-- Work required --
With the pictures excluded, repeat every entry exactly.

-- Supplied records --
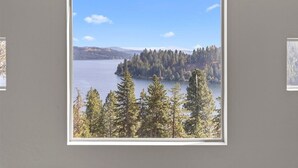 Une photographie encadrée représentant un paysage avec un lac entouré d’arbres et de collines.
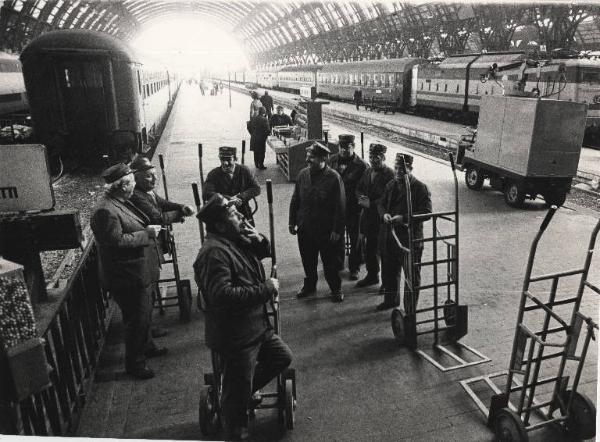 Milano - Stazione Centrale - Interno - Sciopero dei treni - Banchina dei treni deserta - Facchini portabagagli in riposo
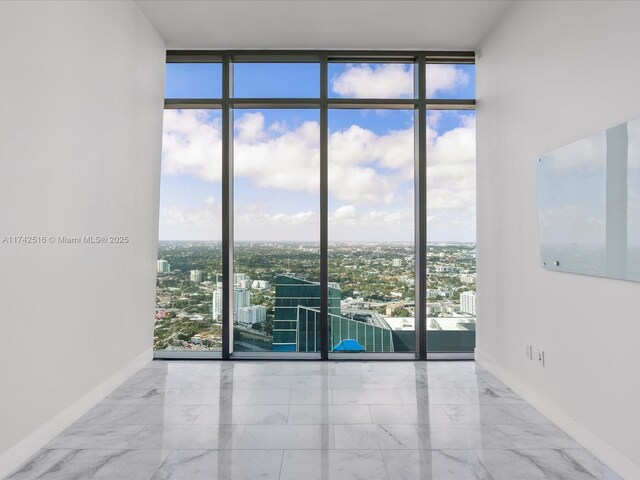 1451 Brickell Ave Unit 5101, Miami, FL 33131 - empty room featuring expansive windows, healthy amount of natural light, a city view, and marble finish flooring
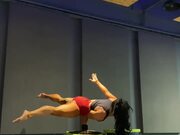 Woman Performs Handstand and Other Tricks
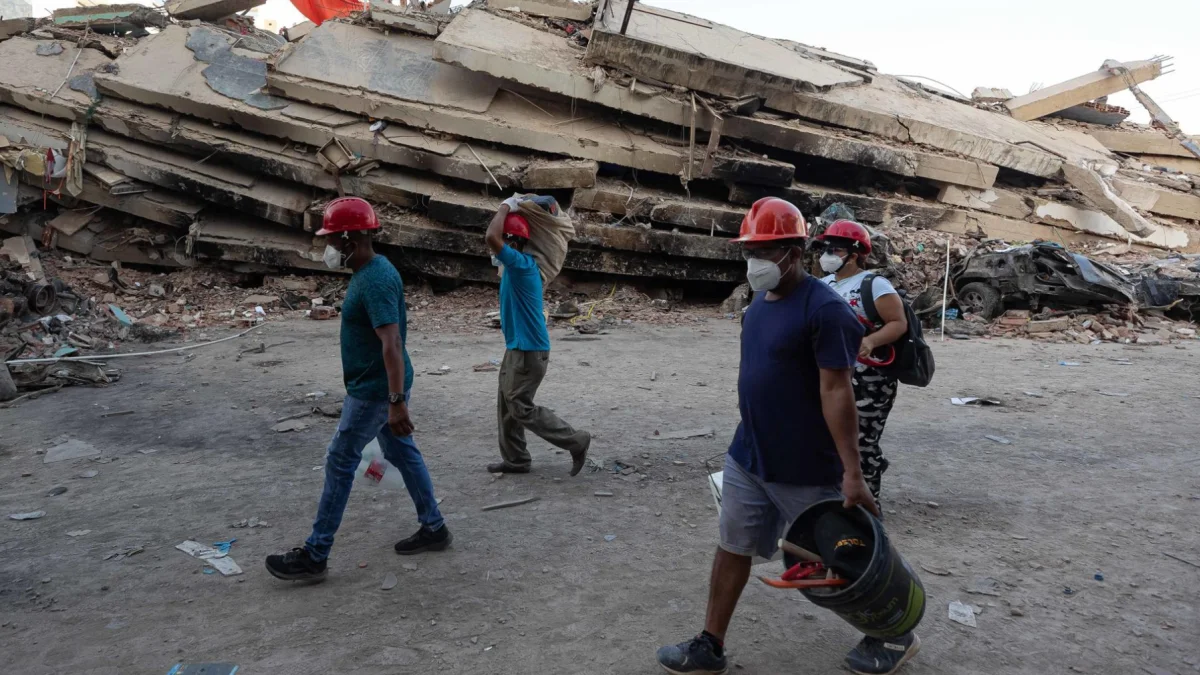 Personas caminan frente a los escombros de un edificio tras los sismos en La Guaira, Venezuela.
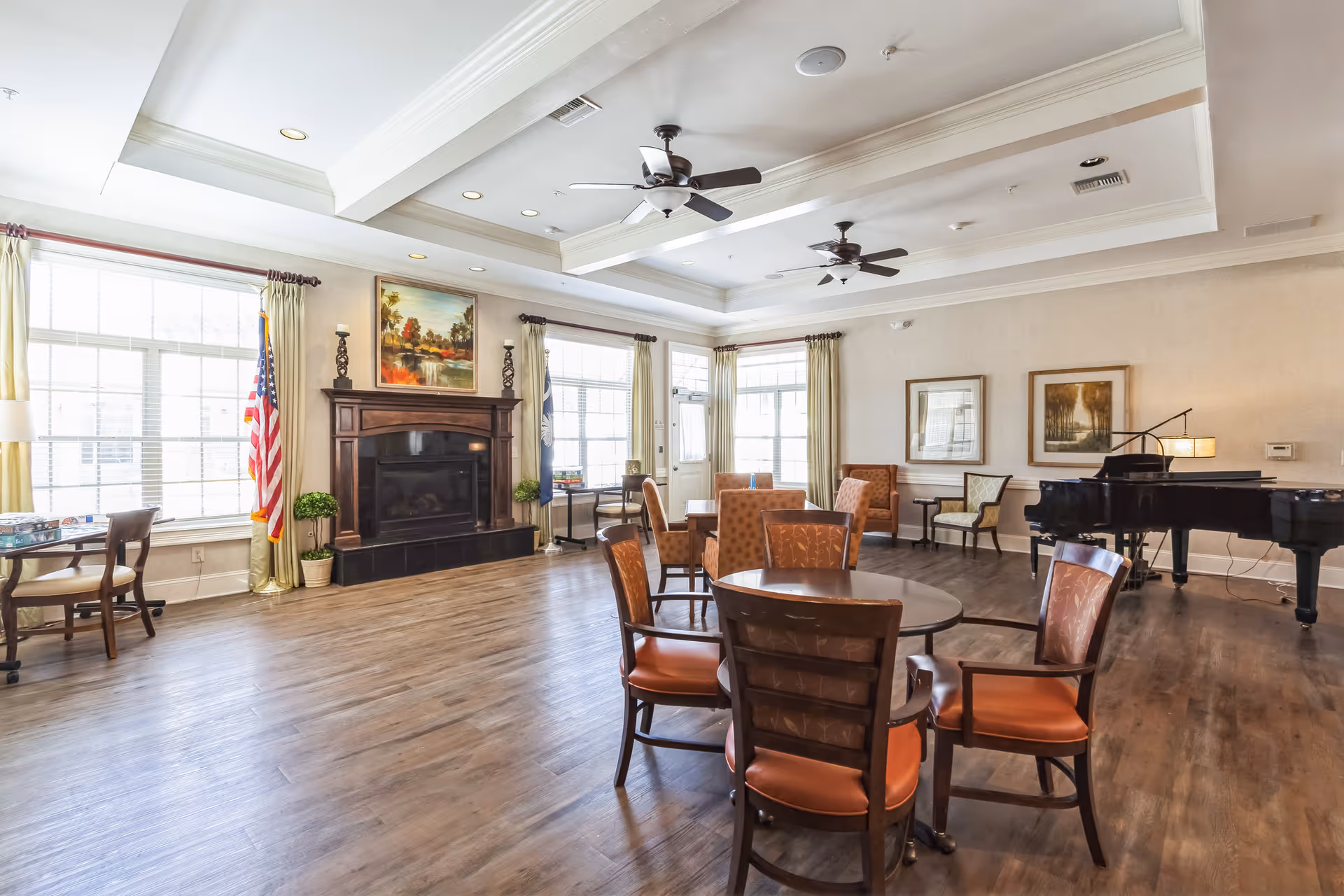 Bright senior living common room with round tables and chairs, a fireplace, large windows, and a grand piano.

-- Answer below --
 Une photographie encadrée représentant un paysage avec un lac entouré d’arbres et de collines.
 Milano - Stazione Centrale - Interno - Sciopero dei treni - Banchina dei treni deserta - Facchini portabagagli in riposo
 1451 Brickell Ave Unit 5101, Miami, FL 33131 - empty room featuring expansive windows, healthy amount of natural light, a city view, and marble finish flooring
 Woman Performs Handstand and Other Tricks
 Personas caminan frente a los escombros de un edificio tras los sismos en La Guaira, Venezuela.
 Bright senior living common room with round tables and chairs, a fireplace, large windows, and a grand piano.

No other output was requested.